Effect of lentivirus-mediated shRNA targeting VEGFR-3 on proliferation, apoptosis and invasion of gastric cancer cells.

机构信息

Department of General Surgery, Shanghai Eighth People's Hospital, 8 Caobao Road, Shanghai, PR China.

出版信息

Int J Mol Med. 2011 Nov;28(5):761-8. doi: 10.3892/ijmm.2011.758. Epub 2011 Jul 26.

DOI:10.3892/ijmm.2011.758
PMID:21805024
Abstract

It has been reported that vascular endothelial growth factor receptor 3 (VEGFR-3) is highly expressed in most tumor tissues, including gastric cancer. However, the effects of VEGFR-3 knockdown on the proliferation, apoptosis and invasion of gastric cancer cells and downstream signaling molecules have not yet been well established. In the present study, four short hairpin RNA (shRNA) sequences targeting the VEGFR-3 gene (NM_002020) were designed and cloned into a lentiviral vector, pRNAT-U6.2/Lenti, to construct four recombinant lentiviral vectors. The vectors with the two highest interfering efficiencies were selected to be co-transfected with packaging vectors in HEK293T cells to assemble lentivirus particles.

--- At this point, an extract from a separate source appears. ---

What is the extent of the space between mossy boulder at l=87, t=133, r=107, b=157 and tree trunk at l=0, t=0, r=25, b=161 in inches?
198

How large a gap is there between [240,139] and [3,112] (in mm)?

Results from Western blot analysis showed that the VEGFR-3 shRNA-4 lentivirus-infected group (sh#4) had the highest efficiency of gene silencing in the MKN45 cell line compared with the parental and control group. The sh#4 group significantly slowed cell proliferation, decreased the mean percentage of S-phase cells and increased the mean percentage of G1 phase cells, promoted cell apoptosis, and also significantly inhibited cell invasion of MKN45 compared with the other two groups. Furthermore, the expression of the anti-apoptotic factor Bcl-2 was significantly decreased in the sh#4 group compared to that of the other two groups. Moreover, results from qRT-PCR revealed that knockdown of VEGFR-3 with the shRNA lentiviral vector resulted in down-regulation of the downstream neural cell adhesion molecule contactin-1 (CNTN-1). In conclusion, the recombinant lentivirus particles were able to remarkably suppress VEGFR-3 expression, regulate the cell cycle, inhibit proliferation and induce apoptosis in the MKN45 cell lines.

摘要

据报道,血管内皮生长因子受体 3(VEGFR-3)在大多数肿瘤组织中高度表达,包括胃癌。然而,VEGFR-3 敲低对胃癌细胞增殖、凋亡和侵袭以及下游信号分子的影响尚未得到很好的证实。在本研究中,设计并克隆了针对 VEGFR-3 基因(NM_002020)的 4 个短发夹 RNA(shRNA)序列到慢病毒载体 pRNAT-U6.2/Lenti 中,构建了 4 个重组慢病毒载体。选择干扰效率最高的两个载体与包装载体共转染 HEK293T 细胞以组装慢病毒颗粒。Western blot 分析结果显示,与亲本组和对照组相比,VEGFR-3 shRNA-4 慢病毒感染组(sh#4)在 MKN45 细胞系中的基因沉默效率最高。与其他两组相比,sh#4 组显著减缓细胞增殖,降低 S 期细胞的平均百分比,增加 G1 期细胞的平均百分比,促进细胞凋亡,显著抑制 MKN45 细胞的侵袭。此外,与其他两组相比,sh#4 组抗凋亡因子 Bcl-2 的表达明显降低。此外,qRT-PCR 结果显示,shRNA 慢病毒载体敲低 VEGFR-3 导致下游神经细胞黏附分子 contactin-1(CNTN-1)下调。综上所述,重组慢病毒颗粒能够显著抑制 VEGFR-3 的表达,调节细胞周期,抑制 MKN45 细胞系的增殖并诱导其凋亡。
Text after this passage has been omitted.